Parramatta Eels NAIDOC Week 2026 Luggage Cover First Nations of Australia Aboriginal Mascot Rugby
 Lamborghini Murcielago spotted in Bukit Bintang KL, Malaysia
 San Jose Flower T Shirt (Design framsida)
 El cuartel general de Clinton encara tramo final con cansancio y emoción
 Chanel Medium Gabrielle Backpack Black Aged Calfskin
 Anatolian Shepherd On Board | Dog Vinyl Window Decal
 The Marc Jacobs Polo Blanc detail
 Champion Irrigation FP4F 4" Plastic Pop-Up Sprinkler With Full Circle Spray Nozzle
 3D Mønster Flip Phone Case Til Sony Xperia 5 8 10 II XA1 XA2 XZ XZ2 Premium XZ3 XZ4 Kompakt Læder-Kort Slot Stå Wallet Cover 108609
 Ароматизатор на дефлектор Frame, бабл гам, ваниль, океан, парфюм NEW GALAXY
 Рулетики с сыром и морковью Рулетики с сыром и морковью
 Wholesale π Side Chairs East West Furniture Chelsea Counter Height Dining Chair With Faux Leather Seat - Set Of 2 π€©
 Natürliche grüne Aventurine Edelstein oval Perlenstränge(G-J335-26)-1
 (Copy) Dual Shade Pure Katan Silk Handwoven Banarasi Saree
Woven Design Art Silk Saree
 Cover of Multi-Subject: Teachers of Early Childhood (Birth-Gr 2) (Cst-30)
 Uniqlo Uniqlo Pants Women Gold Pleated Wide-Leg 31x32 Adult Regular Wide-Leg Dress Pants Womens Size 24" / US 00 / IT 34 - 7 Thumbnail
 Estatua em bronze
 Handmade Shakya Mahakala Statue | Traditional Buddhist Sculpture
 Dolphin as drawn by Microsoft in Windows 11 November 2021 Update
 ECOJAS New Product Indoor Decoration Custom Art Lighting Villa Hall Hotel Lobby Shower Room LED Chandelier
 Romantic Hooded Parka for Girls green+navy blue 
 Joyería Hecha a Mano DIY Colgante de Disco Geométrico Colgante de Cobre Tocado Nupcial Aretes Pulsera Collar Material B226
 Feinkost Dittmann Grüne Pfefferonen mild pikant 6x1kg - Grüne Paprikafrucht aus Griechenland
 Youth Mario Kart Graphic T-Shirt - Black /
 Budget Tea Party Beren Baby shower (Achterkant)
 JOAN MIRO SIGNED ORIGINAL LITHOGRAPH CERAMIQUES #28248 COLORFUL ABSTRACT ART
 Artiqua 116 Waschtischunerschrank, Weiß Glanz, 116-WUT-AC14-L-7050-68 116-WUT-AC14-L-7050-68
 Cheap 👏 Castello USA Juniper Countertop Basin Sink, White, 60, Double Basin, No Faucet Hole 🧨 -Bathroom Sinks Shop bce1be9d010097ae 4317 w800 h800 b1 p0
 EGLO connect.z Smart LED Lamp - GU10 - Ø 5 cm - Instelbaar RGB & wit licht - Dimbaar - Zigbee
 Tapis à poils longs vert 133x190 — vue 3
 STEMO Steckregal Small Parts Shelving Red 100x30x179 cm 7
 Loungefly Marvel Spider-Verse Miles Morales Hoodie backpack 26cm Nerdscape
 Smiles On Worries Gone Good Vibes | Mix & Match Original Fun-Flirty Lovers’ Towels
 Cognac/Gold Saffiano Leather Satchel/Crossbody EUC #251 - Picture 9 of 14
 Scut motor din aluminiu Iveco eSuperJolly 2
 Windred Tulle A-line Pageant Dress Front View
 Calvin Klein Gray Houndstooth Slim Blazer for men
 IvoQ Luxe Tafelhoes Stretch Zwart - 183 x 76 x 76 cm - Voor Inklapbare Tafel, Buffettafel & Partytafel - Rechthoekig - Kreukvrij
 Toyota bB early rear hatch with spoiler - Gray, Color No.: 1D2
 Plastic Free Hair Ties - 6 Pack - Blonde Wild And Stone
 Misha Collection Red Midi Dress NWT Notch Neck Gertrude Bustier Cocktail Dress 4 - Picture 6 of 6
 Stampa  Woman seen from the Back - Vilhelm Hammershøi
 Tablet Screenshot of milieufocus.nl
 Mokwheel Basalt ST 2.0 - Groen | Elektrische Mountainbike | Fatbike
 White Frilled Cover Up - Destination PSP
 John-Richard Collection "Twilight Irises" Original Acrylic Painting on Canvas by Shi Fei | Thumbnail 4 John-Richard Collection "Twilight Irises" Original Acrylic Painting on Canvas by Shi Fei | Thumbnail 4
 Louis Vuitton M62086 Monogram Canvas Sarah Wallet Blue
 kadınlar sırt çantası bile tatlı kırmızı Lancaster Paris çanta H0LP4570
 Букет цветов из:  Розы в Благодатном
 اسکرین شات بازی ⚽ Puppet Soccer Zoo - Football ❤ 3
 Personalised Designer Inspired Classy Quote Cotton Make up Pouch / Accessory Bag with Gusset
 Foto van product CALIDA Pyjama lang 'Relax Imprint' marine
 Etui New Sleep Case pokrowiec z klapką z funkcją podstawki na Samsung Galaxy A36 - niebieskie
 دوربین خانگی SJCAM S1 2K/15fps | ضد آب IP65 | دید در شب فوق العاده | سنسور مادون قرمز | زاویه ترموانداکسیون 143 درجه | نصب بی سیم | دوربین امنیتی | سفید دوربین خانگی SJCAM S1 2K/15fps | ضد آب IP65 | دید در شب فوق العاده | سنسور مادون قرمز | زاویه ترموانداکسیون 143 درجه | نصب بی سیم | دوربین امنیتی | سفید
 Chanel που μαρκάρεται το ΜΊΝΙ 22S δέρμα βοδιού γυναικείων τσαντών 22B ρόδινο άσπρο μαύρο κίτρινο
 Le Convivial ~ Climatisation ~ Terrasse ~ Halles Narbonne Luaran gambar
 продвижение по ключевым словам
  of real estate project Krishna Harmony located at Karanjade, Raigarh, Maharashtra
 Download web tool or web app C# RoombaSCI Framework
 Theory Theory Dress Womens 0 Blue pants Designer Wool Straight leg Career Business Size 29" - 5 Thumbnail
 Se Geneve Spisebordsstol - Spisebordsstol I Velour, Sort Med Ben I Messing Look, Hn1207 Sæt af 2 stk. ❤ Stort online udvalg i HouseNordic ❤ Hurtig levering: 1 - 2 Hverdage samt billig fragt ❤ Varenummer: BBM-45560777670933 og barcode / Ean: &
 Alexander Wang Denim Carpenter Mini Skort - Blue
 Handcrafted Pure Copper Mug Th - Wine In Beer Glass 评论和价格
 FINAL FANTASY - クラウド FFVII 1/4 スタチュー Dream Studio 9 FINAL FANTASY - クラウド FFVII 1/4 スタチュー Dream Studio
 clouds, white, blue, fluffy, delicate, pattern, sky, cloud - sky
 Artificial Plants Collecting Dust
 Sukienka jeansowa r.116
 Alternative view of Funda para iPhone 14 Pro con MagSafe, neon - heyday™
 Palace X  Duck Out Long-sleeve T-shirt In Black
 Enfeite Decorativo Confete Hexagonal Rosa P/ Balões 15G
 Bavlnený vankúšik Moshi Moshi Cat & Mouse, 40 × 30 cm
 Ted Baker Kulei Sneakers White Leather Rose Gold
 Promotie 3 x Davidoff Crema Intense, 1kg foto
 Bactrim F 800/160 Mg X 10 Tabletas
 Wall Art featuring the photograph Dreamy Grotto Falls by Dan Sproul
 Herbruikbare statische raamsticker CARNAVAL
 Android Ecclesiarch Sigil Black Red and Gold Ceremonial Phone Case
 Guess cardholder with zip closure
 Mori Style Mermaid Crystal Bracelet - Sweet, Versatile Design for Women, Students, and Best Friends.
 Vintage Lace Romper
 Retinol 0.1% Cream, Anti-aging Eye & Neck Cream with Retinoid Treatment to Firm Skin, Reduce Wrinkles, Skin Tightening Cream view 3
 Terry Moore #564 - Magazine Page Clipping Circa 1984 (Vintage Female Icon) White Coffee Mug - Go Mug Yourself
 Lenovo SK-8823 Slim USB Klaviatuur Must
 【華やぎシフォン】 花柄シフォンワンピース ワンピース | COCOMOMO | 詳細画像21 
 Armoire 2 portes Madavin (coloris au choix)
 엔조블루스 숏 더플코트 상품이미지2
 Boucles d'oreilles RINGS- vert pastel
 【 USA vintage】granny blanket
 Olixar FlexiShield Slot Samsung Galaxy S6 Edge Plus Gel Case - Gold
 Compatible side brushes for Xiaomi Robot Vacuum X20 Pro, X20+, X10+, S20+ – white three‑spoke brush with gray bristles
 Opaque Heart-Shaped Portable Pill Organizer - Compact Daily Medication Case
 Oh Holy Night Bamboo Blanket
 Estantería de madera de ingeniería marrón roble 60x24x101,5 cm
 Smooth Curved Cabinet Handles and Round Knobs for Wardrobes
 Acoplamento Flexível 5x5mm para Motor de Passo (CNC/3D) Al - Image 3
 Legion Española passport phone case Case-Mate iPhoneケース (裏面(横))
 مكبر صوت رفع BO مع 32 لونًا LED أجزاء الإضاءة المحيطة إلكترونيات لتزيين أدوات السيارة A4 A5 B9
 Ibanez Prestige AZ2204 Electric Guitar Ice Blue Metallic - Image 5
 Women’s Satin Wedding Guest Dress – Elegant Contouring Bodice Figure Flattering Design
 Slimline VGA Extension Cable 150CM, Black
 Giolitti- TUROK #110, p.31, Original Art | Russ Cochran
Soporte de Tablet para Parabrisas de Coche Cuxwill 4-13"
******
WHAT IS BEING ASKED
The expected output is the run of lines from the one that includes "Slimline VGA Extension Cable 150CM, Black" through the end of the listing above, exactly as they stand.

RESULT BELOW
 Slimline VGA Extension Cable 150CM, Black
 Giolitti- TUROK #110, p.31, Original Art | Russ Cochran
Soporte de Tablet para Parabrisas de Coche Cuxwill 4-13"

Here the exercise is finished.